Toda forma de pensar é representativa do conjunto de memórias genética e social que o cérebro assimila enquanto vivo. E justamente a memória social (aquela que compõe a inteligência / a ‘ecologia coletiva’ trabalhada por Pierre Levy) parece ser a fonte de uma intensa (e, às vezes, inconsciente) adaptação das potencialidades inatas aos sujeitos de maneira positiva ou negativa na relação com o cotidiano. Essa adaptação, por sua vez, torna-se ponto nevrálgico em que, no processo maturacional, se amalgama as aprendizagens.

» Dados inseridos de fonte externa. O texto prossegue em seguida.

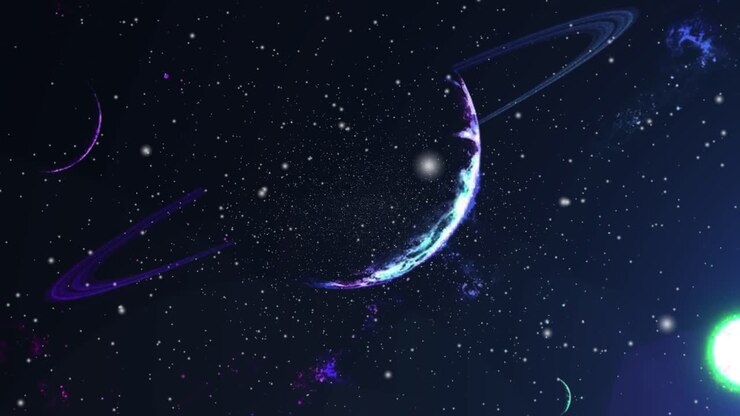 planets in the universe with bright stars, the solar system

Entendemos que ‘aprender’ é libertar das amarras; é inaugurar links para a imaginação e a criatividade, ainda que se utilizem ferramentas cognitivas comuns; e é desenvolvida por atitudes inovadoras que proponham, segundo Johnson (2011, p.41) “centelhas, lampejos, sopros, iluminações, estalos em nossa mente”.
Para aprender é preciso desatenção das rotinas cognitivas e reorganização das redes de neurônios, “uns em sincronia com os outros, pela primeira vez, em nosso cérebro” (p.41). Para o senso comum, então, à aprendizagem é necessário sair da rotina emocional, e assim “explorar o possível adjacente de conexões que possam ser estabelecidas em nossa mente” (p.41). O outro é fundamental: somos sociais sempre.
Nas aprendizagens cotidianas e escolares, há um enxame de iluminações “capazes de estabelecer conexões complexas uns com os outros” (p.42). Os estudantes têm expectativas. Mesmo àqueles que demonstram comportamentos disfuncionais, as expectativas de estar diante de algo diferente e aprender, permanece; logo, é importante que repensemos (nós, os professores) nossas maneiras de apresentar os conteúdos e, assim, fortalecer a rede de aprendizagem necessária à liberação, por exemplo, da imaginação e da autonomia; e mesmo, necessária ao desenvolvimento qualitativo de funções executivas[2].
Ainda que saibamos que o cérebro é plástico, a qualidade desta neuroplasticidade exige que estimulemos, com frequência e intensidade, novas configurações às redes de neurônios com metodologias / práticas desafiantes, contextuais, proativas e libertárias. “Uma rede densa que não consegue formar novos padrões é, por definição, incapaz de mudar, de investigar nas bordas do possível adjacente” (p.42).
Práticas pedagógicas com recursos inovadores ou renovados trazem a ‘sensação de novidade que torna a experiência [de aprender] tão mágica’, além de inaugurar novas correspondências nas células do cérebro, trazendo a percepção de que, por exemplo, os sonhos mais guardados tem real possibilidade de serem realizados.
Práticas pedagógicas envolvendo diferentes tecnologias / técnicas, variadas manifestações artísticas e outros movimentos de corpo recriam “um conjunto inteiramente novo de neurônios” (2011, p.42) cujo processamento transforma a ação dos sentidos junto à realidade e, por consequência, afetos, cognições e atitudes: comportamentos em geral de um ser afetado integralmente pelo novo. Para Johnson, “as conexões são a chave da sabedoria (...) logo o que importa em nossa mente não é só o número de neurônios, mas a miríade de conexões que se formam entre elas”, quando diante de atividades diferenciadas, desafiantes e significativas (p.42).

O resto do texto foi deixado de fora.